**PROMPT:** Copy out all the lines of the data precisely, omitting any pictures.

[[ SUPPLIED DATA open ]]

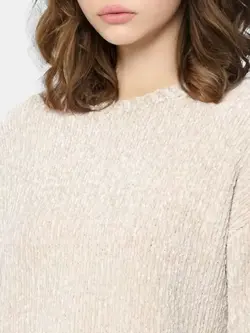 بافت کرمی رنگ اُنلی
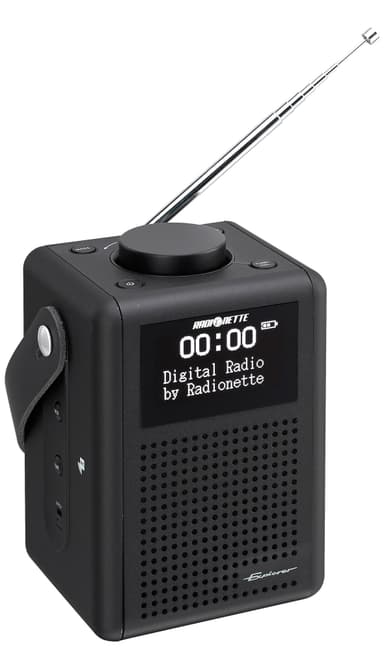 Radionette Explorer radio (sort)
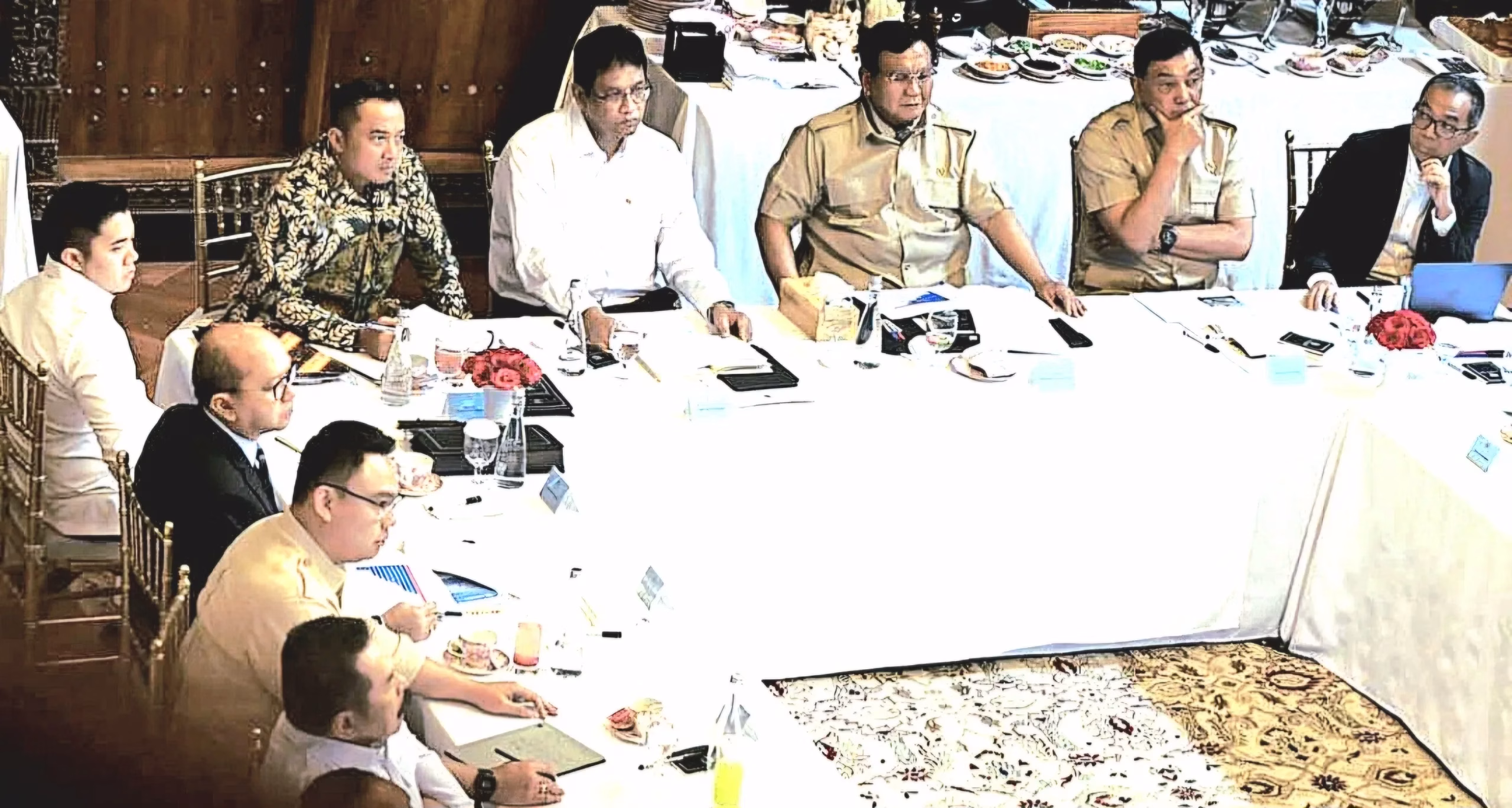 Rapat Terbatas: Prabowo Fokus Perkuat Pertanian, Dorong Ekonomi, dan Benahi Pendidikan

[[ SUPPLIED DATA closed ]]

**RESPONSE AREA:**
 بافت کرمی رنگ اُنلی
 Radionette Explorer radio (sort)
 Rapat Terbatas: Prabowo Fokus Perkuat Pertanian, Dorong Ekonomi, dan Benahi Pendidikan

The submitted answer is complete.